3.2. Replace the Backbone Network Convolution
The standard convolution operation is a core component in constructing convolutional neural networks (CNNs). It effectively extracts feature information from images through sliding windows and parameter sharing, overcoming the inherent limitations of fully connected layers in terms of parameters and computational efficiency. However, this operation is also accompanied by issues such as large model parameters and high computational costs. The spatial attention mechanism, as an important attention technology, focuses on the spatial dimensions of images, namely the interrelationships between pixels. Through training, the model can learn how to assign varying weights to different regions within the image, effectively prioritizing and focusing on the key information. The combination of this mechanism with standard convolution enables more efficient extraction and processing of image information in CNNs. However, traditional spatial attention mechanisms often fail to fully consider the spatial features of the entire receptive field. Therefore, when dealing with large convolutional kernels (such as 3 × 3 convolutions), the advantages of parameter sharing are not fully leveraged, which somewhat limits their effectiveness.

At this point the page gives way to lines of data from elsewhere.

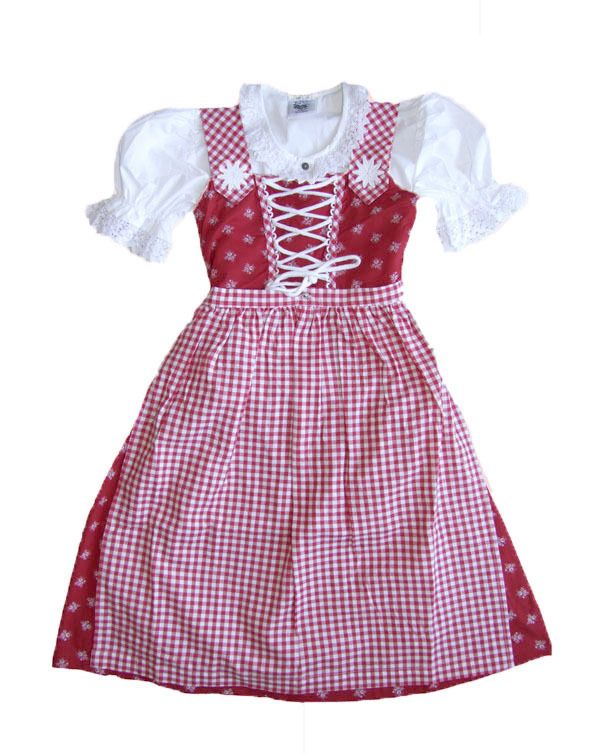 Trachten Dirndl Heidi rot weiss von Isar Trachten Kleid 3 tlg Mädchen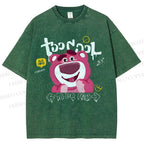 Unisex Strawberry Bear Printed Washed Tee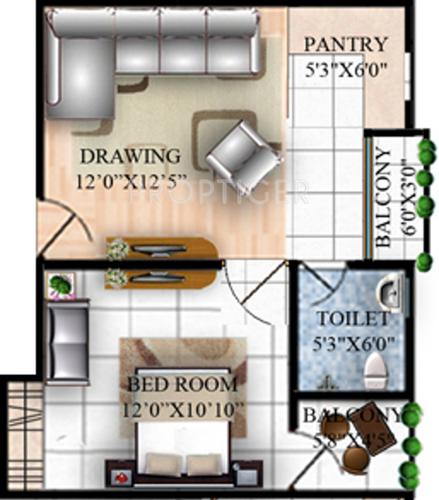 Sri Ram Infrastructure Plaza Floor Plan (1BHK+1T (605 sq ft) 605 sq ft)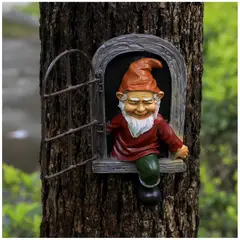 OEM - Decoracion Adorno GNOMO para Jardin Arbol Hogar de Resina W24-R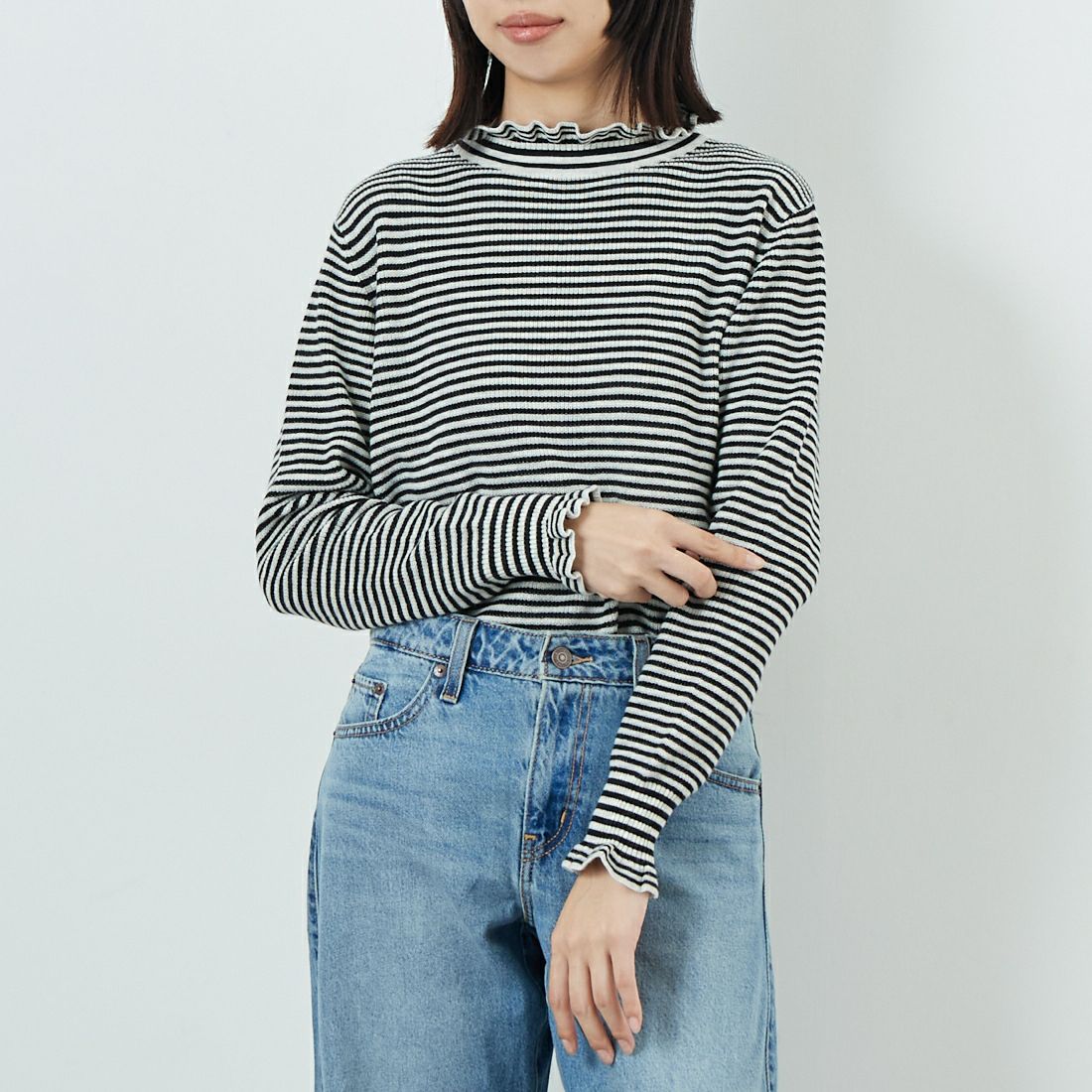 9L BORDER&&モデル身長：162cm 着用サイズ：F&&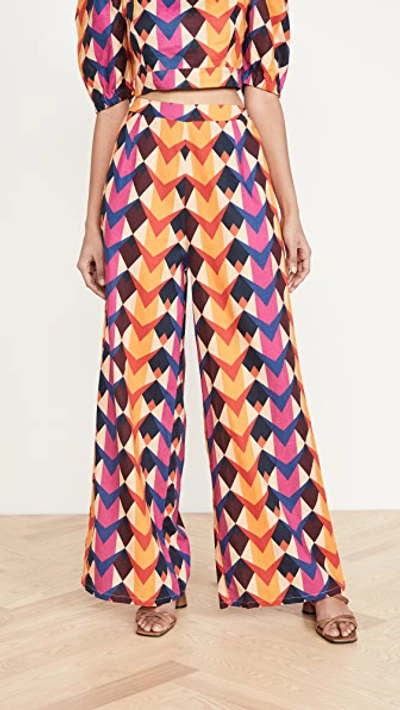 Farm Rio Lindeza Grafica Printed Wide-leg Pants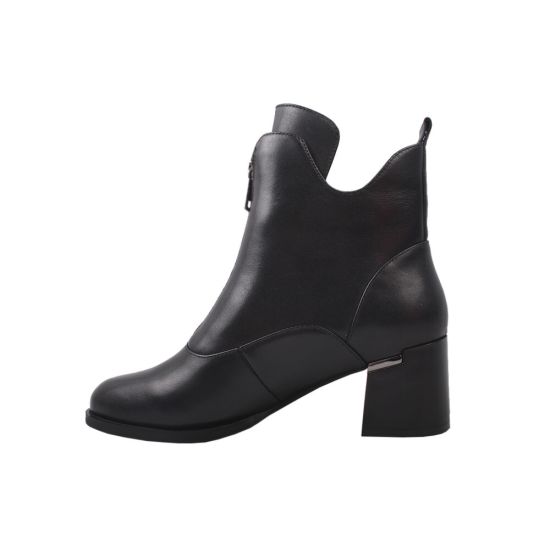 Черевики жіночі з натуральної шкіри, на великому каблуці, чорний, Wit Mooni 37-9DH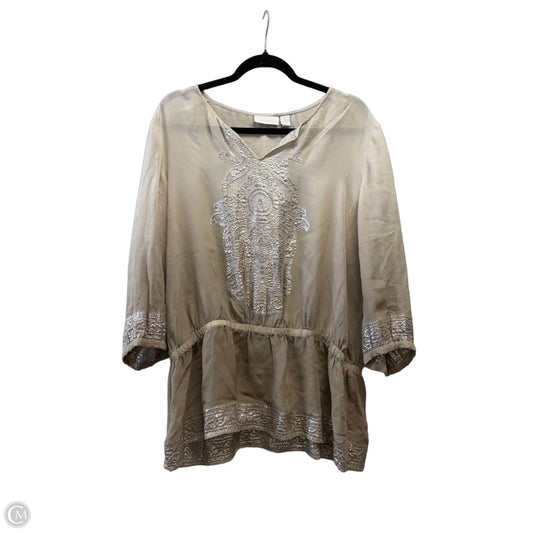 Blouse Long Sleeve By Chicos In Brown, Size: L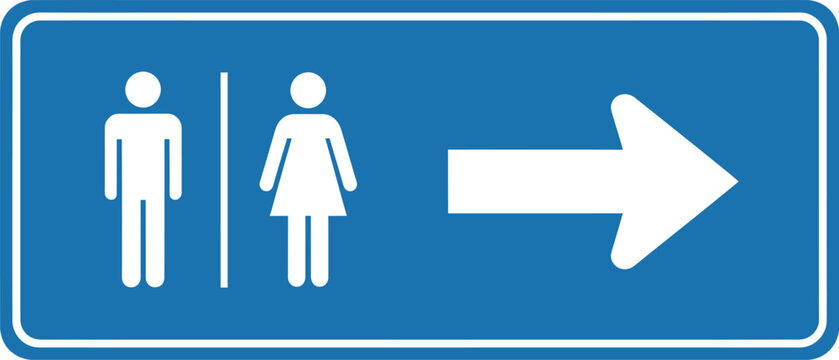 Blue restroom sign isolated on white background with male and female symbols and an arrow pointing to the right, indicating the direction of the facilities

Receptive-Field Attention convolutional operation (RFAConv) [
18] focuses on the spatial features information of the receptive field and addresses the issue of parameter sharing in convolutional kernels by introducing a receptive field attention mechanism. RFAConv ensures minimal computational overhead and parameter count, resulting in significant improvements in detection performance. Coordinate Attention (CA) is a mechanism that incorporates spatial location information into channel attention. By introducing CA’s spatial attention mechanism into the spatial features [
19] of the receptive field, we obtain Receptive-Field Coordinate Attention (RFCA). The framework of the network is attractively portrayed in
Figure 3, offering a clear visual representation. By matching the spatial attention of the receptive field’s spatial features with convolution, we generate the Receptive-Field Coordinate Attention convolutional operation (RFCAConv) to replace standard convolution, fully resolving the issue of convolutional parameter sharing. At the same time, it considers long-range information to some extent, enhancing convolutional performance. In the present study, RFCAConv is utilized to replace some of the standard convolutions in the backbone network, resulting in increased model performance.

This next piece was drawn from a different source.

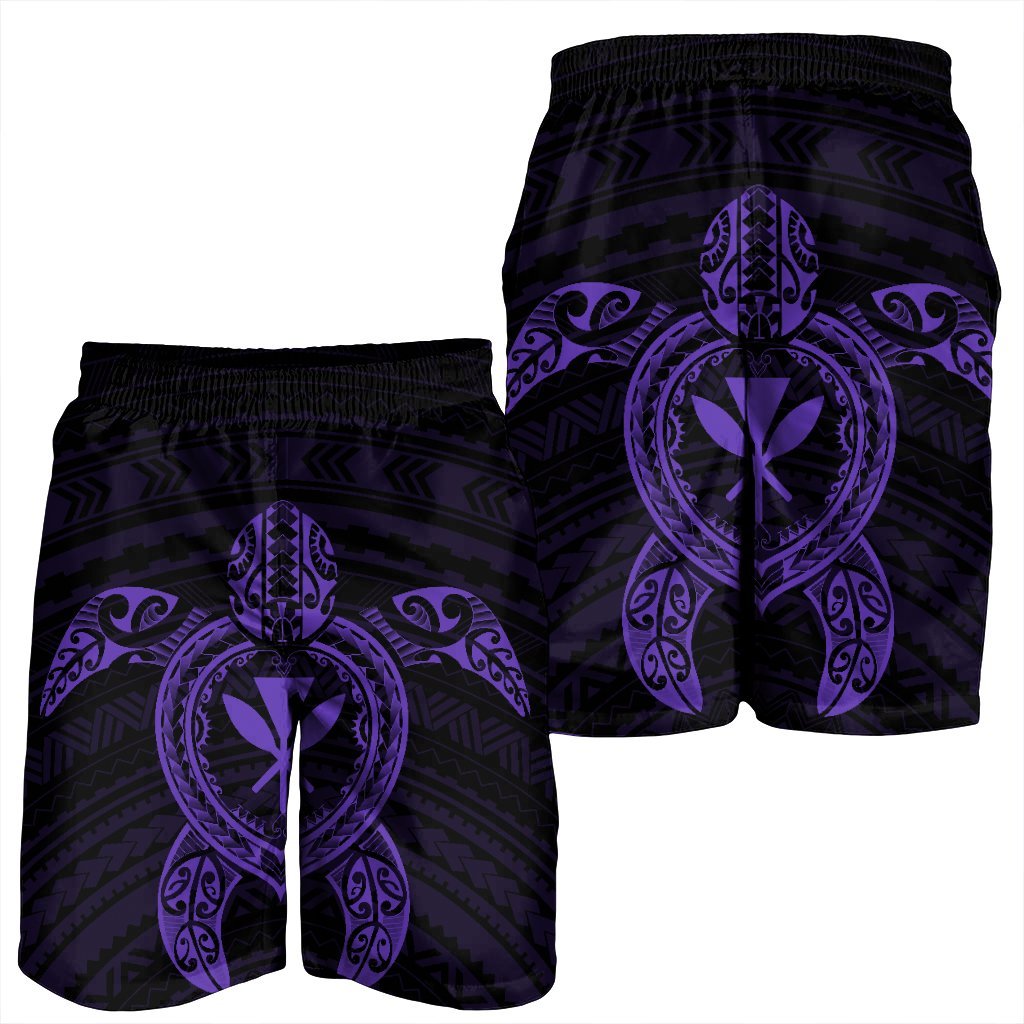 Hawaiian Turtle Kanaka Polynesian Men's Shorts - Purple - AH - Polynesian Pride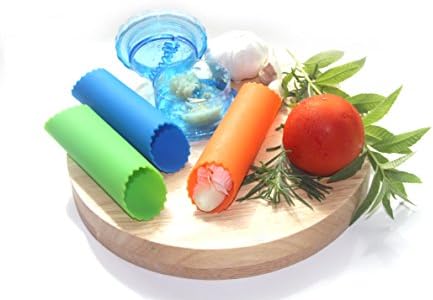 Loonchik® Set: Garlic Silicone Peeler+garlic Crusher, High Quality Set for Garlic|garlic Peeler Premium High Quality, Silicon Rolling Tube Peeler Included | Best Gift for Mom and Dad (Blue)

3.3. Improve the C2f Module
Introduce EMA, an efficient multi-scale attention module that operates without the requirement of dimension reduction. Its core mechanism is to smooth the attention distribution through the exponential moving average method, thereby improving the model’s robustness and generalization ability. This module recalibrates the channel weights in each parallel branch by encoding global information and captures pixel-level relationships [
20] through cross-dimensional interactions. EMA is designed to reduce computational overhead while preserving key information from each channel, enhancing the model’s capability to process features effectively. By reorganizing the channel and batch dimensions [
21] and leveraging cross-dimensional interactions, the model is able to effectively capture pixel-level relationships, which enables it to excel in focusing on important information within the image. Particularly noteworthy is the structure of the EMA attention mechanism module, as depicted in
Figure 4.
Specifically, EMA initially separates the feature map across the channel dimension into G sub-features, with the aim of facilitating the model in learning and capturing different semantic information, as shown in Equation (1).
In this section, represents a three-dimensional tensor containing feature information; denotes the quantity of input channels; represents the sub-features divided; and represents the set of real numbers.
Secondly, EMA utilizes three parallel paths to extract clustered feature maps, with two of the paths being
branches. When encoding the channels, pooling kernels of sizes
and
are applied in the vertical and horizontal directions, individually, and the calculations are shown in Equations (2) and (3).
In this section, signifies the output of the C-th channel that has a width of , processed only in the vertical direction; represents the output of the -th channel; signifies the output of the C-th channel that has a height of , processed only in the horizontal direction; and and represent different spatial directions.
The feature projections in the vertical and horizontal directions are fused through Equations (4)–(6), allowing different cross-channel information interactions between the two parallel paths. The fused feature representation is then split into two independent tensors, and finally, two nonlinear Sigmoid functions are applied.
In this section, represents the fused feature representation, where ; represents the transformation used for adjusting the number of channels; and represent the feature representations of in the two spatial directions; stands for the Sigmoid activation function; and signifies the attention weight.
Upon acquiring the attention weights
in different spatial directions, they are processed together with the output of the third branch
using a two-dimensional global average downsampling operation to handle the feature information in the vertical and horizontal directions. The operation of two-dimensional global pooling is shown in Equation (7). Finally, cross-spatial information fusion is performed to obtain the final attention weight output of EMA.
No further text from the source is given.